I’m referring to the drive for Euro VI vehicles in our cities and the PSVAR regulation, applied to home-to-school services where parents or pupils pay.
There was never a need for Euro V vehicles to be driven out of cities when those vehicles are so far from the end of their working lives. They offered a cost-effective way for cities to achieve modal shift, from cars to coaches, and that would have driven down emissions without additional restrictions.
But, as we expected, local authorities ran scared of the car driver vote and penalised the vehicles whose passengers are polluting the least, regardless of Euro VI. Had the Clean Air Zones phased Euro VI in over five years, with increasing charges for Euro V, operators would have had time to adapt without filling their books with debt. And as Graham Vidler said, with a 15% upturn in loadings, coaches could take 47 million car journeys off the road.
Baroness Vere seems to think that this pace of change was quite normal. There are fields and yards full of Euro V vehicles, at depressed prices, waiting for new owners, which prove her wrong. The sheer scale of the investment was unprecedented, the book depreciation on coaches in fleets was stark, and the investment was made with tragic timing.
‘Then there’s PSVAR. Baroness Vere said at the session that the industry had 20 years to prepare for it. This is not true. It was only in the last two years that it became apparent that it would be applied to school services’
Then there’s PSVAR. Baroness Vere said at the session that the industry had 20 years to prepare for it. This is not true. It was only in the last two years that it became apparent that it would be applied to school services, and not for any practical reason. Just because the journeys are scheduled and have paying passengers.
I must say here and now that coach operators back the idea of inclusivity fully, and would support any measure to improve the lot of wheelchair users. However, we have noted before that schools usually contract separately for pupils who need wheelchairs. Maybe that should change, and the contracts themselves become inclusive; combined, the contracts may be enough to pay for the accessible coaches needed. But then, many if not most rural stops are unsuitable for using a wheelchair lift.

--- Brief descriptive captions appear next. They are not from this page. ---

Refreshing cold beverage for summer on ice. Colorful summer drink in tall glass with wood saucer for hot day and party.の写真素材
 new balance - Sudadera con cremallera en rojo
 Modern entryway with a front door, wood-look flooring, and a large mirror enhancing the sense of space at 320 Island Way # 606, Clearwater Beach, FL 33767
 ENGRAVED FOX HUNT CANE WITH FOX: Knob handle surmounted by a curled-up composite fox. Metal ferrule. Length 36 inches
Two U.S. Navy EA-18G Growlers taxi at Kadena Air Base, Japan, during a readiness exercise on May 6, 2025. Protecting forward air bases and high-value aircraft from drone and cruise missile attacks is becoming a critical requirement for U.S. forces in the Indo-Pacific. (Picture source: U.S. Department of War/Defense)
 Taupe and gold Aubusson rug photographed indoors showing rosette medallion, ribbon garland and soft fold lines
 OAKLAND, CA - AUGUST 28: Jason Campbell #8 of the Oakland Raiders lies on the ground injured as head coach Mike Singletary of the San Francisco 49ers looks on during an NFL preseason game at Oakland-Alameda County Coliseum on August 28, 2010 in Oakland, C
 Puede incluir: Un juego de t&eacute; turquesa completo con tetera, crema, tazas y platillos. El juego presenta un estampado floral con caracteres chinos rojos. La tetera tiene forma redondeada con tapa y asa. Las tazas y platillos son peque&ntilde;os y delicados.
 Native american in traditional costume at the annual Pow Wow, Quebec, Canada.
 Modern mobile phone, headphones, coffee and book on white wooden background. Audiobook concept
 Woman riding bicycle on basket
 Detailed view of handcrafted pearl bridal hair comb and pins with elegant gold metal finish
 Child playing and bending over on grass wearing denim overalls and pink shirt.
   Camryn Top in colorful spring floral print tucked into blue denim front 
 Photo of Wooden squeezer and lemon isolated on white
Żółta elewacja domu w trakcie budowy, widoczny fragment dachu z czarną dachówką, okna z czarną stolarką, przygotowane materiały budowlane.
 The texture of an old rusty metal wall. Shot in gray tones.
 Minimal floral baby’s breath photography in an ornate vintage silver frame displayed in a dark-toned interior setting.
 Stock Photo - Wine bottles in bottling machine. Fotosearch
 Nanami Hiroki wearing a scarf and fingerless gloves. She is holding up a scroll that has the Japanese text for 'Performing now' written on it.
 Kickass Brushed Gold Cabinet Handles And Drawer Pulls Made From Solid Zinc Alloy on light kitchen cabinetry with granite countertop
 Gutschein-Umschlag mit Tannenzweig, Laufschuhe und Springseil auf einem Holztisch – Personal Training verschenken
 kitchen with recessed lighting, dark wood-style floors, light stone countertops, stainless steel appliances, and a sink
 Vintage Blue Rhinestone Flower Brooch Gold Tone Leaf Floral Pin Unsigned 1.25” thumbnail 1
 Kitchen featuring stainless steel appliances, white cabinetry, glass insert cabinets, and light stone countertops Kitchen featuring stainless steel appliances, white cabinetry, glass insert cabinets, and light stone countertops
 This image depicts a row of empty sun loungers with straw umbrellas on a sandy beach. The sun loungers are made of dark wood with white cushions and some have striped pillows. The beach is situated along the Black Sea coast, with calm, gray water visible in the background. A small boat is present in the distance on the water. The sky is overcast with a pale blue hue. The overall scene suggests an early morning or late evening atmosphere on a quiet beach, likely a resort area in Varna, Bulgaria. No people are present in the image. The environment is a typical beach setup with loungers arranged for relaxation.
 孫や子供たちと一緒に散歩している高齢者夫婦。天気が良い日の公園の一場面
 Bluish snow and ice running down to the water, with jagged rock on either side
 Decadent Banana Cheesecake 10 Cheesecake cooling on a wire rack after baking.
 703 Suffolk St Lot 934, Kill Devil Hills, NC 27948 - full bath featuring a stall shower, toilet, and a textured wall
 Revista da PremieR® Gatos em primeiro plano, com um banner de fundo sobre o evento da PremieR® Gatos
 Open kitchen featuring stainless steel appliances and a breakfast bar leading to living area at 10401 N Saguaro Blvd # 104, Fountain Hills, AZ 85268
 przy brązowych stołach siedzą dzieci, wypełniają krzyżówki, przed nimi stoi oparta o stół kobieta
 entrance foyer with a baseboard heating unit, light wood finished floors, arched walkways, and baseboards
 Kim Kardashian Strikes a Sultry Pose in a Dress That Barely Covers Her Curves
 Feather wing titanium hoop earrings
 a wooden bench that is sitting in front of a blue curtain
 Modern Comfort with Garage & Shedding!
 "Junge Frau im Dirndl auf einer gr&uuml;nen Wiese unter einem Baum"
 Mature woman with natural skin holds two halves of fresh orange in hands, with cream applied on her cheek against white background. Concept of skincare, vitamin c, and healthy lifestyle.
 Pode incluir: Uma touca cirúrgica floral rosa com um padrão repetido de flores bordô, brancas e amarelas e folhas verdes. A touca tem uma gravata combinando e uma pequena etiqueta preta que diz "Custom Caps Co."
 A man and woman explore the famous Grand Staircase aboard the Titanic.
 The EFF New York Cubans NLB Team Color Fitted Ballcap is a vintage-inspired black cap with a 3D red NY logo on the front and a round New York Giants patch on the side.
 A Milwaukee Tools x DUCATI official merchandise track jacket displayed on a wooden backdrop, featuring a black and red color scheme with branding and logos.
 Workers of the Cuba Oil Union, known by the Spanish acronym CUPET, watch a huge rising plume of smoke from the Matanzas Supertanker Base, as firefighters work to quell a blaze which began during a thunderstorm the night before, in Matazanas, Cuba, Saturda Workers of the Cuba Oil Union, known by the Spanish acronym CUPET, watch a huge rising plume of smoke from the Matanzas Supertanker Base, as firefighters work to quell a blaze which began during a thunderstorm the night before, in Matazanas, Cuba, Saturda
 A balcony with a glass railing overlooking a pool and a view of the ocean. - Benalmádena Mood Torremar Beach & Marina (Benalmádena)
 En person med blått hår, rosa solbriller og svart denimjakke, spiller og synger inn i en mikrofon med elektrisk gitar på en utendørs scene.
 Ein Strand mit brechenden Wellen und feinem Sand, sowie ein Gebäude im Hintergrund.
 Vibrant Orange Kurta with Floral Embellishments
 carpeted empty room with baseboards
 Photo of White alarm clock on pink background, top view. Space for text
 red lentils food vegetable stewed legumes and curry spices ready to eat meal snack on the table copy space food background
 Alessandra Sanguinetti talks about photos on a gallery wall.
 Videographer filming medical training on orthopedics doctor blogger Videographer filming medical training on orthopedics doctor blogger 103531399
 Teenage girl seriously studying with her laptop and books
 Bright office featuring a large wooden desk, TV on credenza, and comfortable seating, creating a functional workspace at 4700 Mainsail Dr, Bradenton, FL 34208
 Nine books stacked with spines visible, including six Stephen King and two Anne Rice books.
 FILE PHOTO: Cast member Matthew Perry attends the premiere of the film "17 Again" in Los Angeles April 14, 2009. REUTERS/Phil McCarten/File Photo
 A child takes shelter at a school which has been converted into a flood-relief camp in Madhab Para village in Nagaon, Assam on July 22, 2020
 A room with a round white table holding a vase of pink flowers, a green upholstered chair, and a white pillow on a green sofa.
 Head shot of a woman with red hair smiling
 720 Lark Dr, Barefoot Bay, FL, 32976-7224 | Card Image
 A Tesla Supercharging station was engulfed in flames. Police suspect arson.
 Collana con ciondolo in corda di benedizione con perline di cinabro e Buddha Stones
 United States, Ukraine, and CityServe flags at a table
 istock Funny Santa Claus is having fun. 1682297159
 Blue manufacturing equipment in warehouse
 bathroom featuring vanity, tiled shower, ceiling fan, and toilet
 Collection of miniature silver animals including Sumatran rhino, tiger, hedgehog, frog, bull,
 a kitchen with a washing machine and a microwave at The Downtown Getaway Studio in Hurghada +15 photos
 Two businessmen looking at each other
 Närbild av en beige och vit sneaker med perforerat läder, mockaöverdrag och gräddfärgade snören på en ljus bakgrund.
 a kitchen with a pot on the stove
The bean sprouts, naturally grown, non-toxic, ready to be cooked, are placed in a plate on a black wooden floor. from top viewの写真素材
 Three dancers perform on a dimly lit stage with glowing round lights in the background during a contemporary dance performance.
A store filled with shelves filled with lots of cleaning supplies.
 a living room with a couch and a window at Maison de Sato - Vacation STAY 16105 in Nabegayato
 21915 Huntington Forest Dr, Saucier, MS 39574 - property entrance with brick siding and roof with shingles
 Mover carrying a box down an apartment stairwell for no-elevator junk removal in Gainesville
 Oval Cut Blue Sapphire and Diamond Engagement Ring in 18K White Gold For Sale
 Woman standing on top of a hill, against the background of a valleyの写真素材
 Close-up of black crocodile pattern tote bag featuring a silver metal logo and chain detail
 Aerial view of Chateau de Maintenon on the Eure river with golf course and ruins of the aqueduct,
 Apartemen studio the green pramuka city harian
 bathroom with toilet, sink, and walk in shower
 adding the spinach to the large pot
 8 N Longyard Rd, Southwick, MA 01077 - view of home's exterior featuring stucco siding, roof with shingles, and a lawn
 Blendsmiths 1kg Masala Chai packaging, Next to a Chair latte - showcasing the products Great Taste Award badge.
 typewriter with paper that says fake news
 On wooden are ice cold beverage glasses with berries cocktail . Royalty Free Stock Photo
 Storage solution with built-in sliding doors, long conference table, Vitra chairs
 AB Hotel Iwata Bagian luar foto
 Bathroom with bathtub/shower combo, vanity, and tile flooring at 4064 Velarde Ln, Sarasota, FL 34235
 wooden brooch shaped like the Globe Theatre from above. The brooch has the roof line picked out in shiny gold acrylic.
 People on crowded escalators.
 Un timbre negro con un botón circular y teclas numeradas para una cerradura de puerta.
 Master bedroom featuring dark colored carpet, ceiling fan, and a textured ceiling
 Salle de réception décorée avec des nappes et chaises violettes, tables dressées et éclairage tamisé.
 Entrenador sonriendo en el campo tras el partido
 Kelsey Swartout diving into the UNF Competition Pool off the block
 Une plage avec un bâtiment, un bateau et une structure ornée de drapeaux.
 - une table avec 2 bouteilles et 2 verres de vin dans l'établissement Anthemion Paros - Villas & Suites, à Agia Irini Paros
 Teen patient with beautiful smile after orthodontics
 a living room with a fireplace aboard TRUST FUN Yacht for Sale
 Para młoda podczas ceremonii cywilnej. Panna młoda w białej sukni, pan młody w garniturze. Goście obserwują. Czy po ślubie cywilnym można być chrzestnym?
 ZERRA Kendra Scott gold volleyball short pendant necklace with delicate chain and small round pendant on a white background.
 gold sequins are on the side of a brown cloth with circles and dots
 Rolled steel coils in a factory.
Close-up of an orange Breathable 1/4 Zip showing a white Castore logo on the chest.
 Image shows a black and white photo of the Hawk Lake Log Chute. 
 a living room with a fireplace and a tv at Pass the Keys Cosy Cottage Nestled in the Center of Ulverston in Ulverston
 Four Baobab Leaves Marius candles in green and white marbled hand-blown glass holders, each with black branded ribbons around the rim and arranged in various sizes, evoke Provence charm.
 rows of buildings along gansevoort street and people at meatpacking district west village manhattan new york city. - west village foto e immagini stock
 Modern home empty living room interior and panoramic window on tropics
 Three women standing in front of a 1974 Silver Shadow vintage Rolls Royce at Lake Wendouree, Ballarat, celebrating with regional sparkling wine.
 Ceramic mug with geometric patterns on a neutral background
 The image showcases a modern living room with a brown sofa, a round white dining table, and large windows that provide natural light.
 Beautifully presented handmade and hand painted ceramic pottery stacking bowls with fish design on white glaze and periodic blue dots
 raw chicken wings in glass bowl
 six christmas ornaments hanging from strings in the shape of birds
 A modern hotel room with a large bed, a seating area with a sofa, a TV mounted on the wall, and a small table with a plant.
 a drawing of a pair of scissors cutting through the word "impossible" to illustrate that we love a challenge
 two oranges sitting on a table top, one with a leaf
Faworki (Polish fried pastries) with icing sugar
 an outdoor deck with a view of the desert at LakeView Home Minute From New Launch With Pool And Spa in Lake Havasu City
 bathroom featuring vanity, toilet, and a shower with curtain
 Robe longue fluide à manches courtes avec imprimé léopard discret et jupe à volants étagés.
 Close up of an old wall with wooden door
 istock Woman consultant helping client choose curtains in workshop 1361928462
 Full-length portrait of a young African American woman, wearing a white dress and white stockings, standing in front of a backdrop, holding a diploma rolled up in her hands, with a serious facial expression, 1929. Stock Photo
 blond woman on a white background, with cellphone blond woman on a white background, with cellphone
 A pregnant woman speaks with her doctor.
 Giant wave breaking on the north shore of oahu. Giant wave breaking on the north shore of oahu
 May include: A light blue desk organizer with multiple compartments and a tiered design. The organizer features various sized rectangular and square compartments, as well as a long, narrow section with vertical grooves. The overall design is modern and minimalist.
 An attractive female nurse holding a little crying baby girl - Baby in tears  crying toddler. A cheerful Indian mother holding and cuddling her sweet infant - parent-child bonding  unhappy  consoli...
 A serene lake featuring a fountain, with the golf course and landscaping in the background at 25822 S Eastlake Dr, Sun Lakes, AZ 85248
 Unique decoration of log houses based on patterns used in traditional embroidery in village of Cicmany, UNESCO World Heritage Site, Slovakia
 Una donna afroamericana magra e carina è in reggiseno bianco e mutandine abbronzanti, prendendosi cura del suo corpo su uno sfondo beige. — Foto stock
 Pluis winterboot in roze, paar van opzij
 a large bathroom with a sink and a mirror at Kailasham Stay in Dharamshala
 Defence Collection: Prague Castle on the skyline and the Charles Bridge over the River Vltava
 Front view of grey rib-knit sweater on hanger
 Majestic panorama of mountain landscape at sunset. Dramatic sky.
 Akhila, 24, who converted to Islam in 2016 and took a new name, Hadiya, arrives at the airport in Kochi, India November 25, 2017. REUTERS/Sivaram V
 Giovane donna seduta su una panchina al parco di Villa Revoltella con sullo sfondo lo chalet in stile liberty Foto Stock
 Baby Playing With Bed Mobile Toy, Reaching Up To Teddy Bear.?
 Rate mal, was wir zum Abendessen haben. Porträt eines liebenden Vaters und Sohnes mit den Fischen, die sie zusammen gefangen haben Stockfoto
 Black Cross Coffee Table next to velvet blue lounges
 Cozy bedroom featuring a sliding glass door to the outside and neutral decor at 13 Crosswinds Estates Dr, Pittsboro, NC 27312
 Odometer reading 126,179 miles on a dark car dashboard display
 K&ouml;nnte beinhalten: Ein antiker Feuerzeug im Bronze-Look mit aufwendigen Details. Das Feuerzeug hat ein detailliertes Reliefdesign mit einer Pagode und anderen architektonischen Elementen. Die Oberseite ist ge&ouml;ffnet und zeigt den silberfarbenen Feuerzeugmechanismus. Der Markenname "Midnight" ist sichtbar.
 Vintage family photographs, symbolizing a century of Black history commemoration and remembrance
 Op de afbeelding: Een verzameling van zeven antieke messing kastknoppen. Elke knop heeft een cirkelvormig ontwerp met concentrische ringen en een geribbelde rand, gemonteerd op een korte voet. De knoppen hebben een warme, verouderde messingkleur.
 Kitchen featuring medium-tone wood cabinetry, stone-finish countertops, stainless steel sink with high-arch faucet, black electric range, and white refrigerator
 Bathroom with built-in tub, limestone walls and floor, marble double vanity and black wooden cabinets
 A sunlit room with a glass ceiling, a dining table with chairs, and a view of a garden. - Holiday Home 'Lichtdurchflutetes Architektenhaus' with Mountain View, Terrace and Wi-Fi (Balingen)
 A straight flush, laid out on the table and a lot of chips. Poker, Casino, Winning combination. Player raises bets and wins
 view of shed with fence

No parent of a child who uses a wheelchair is going to tolerate that child being hoisted five feet in the air on a platform on a rainy winter’s day, nor should able-bodied pupils have to sit there getting wet, while a stigmatised child boards the coach. This indignity is upwards of £15,000 to install, and will rarely be used.
Yet Baroness Vere and her department continue this farce.
As Nigel Skill pointed out, companies like his which did the governments bidding and took all of this on to their balance sheet are now on a cliff edge, while operators who did not, have a better chance of surviving the summer.
The lack of understanding of coach operators’ place in their communities was even more depressing. It seemed that the message that vulnerable people – the elderly, children, the disabled – trust and depend on their local coach operator not just for travel but to relieve loneliness seemed lost on the minister.
She doesn’t equate coach operators with the local pub or post office, but perhaps with on-line banking services which can be switched at an instant. She believes that operators 50 miles away will swoop in to fill the void left by defunct coach operators. That may be true, but they won’t know the geography, the people and their needs. Coach travel isn’t just vehicles, it’s people who have engaged over generations to trust each other. Literally from the first day of school to the graveside
It’s depressing. But what I do know is that the bus and coach industry does understand the value of localism, and that this is a resilient industry. I hope that our family-run businesses survive for the sake of their communities. Maybe some will re-emerge under new ownership but with the same talent at the helm because, even if it is lost on government ministers, the value of coach businesses to their communities is not lost on the wider industry.